● **Entries shown**
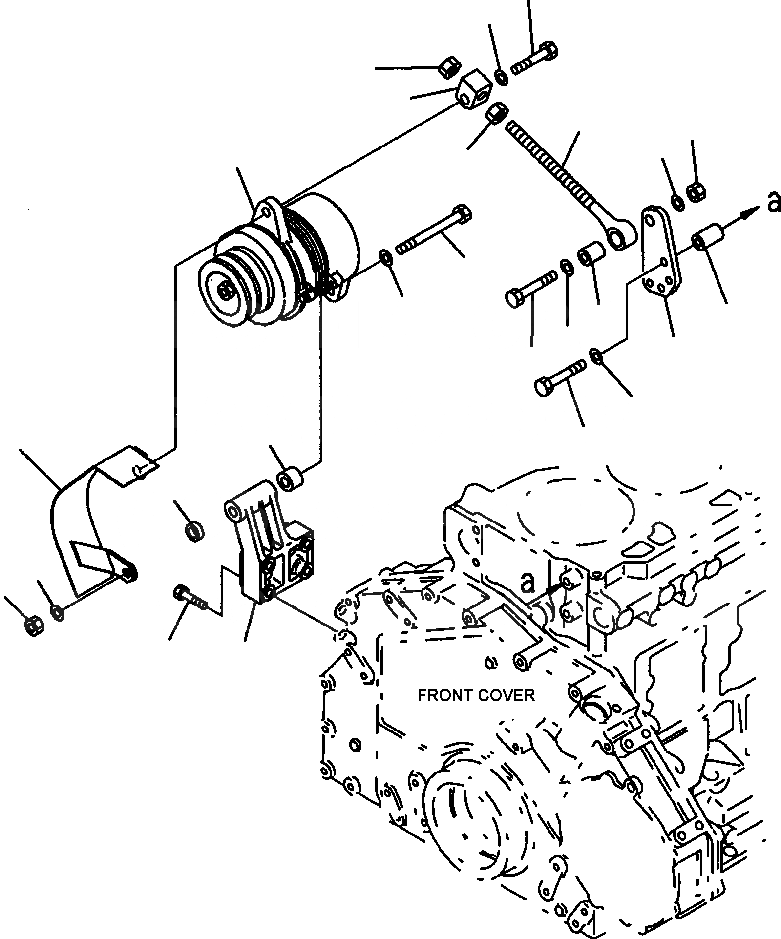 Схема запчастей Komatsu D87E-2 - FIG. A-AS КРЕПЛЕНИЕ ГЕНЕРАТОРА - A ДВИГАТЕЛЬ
...
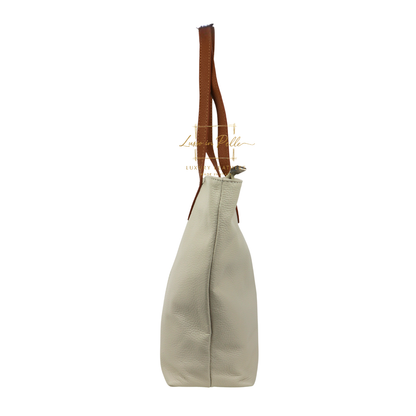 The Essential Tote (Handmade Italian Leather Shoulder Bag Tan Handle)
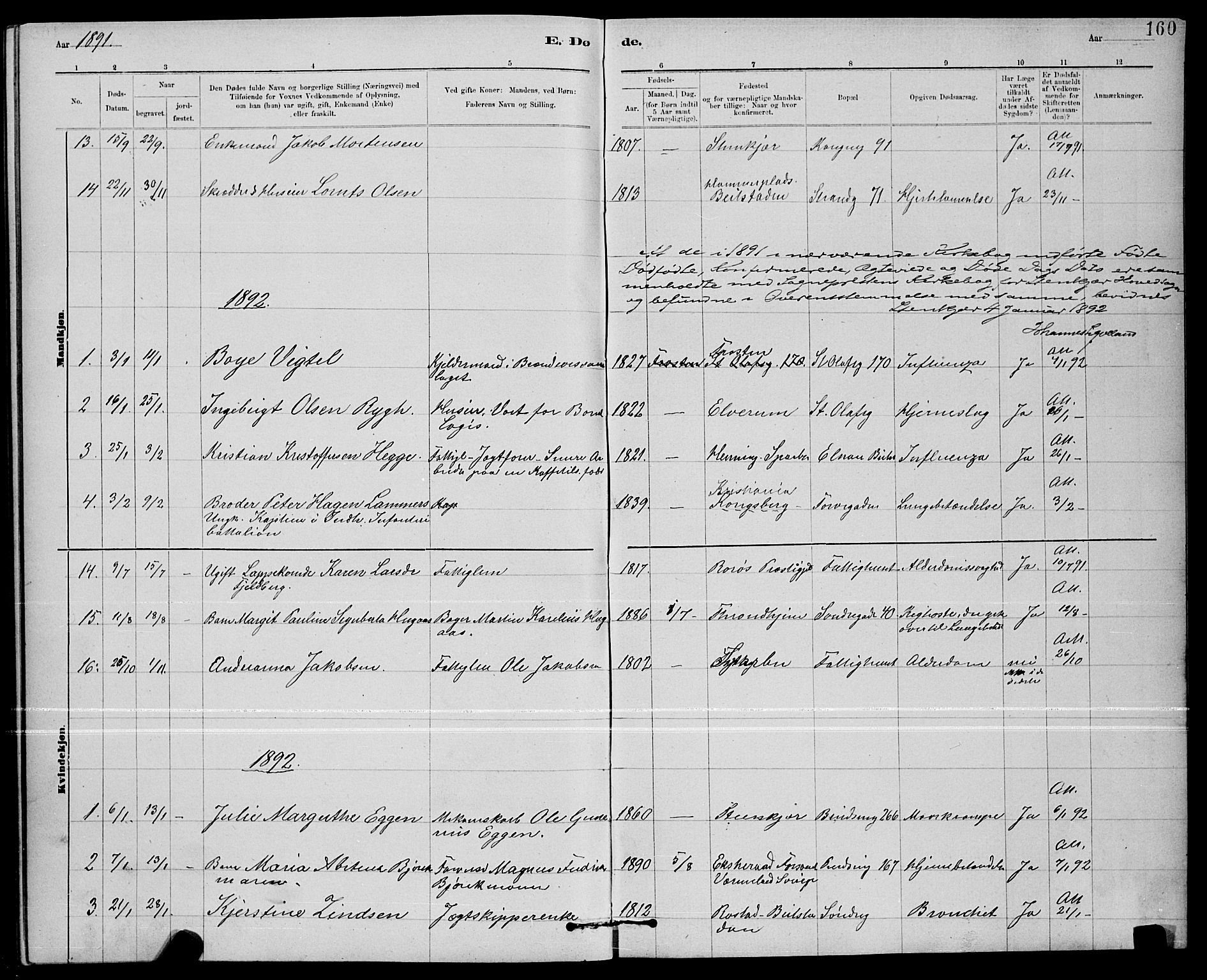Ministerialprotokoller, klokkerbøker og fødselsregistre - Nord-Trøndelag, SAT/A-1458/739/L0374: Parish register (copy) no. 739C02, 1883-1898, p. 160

● **Exercise details**
Above are the records; return the lines in them from the one with "The Essential Tote" to the one with "Ministerialprotokoller, klokkerbøker og", inclusive, exactly and without images.

● **Problem solution**
 The Essential Tote (Handmade Italian Leather Shoulder Bag Tan Handle)
Ministerialprotokoller, klokkerbøker og fødselsregistre - Nord-Trøndelag, SAT/A-1458/739/L0374: Parish register (copy) no. 739C02, 1883-1898, p. 160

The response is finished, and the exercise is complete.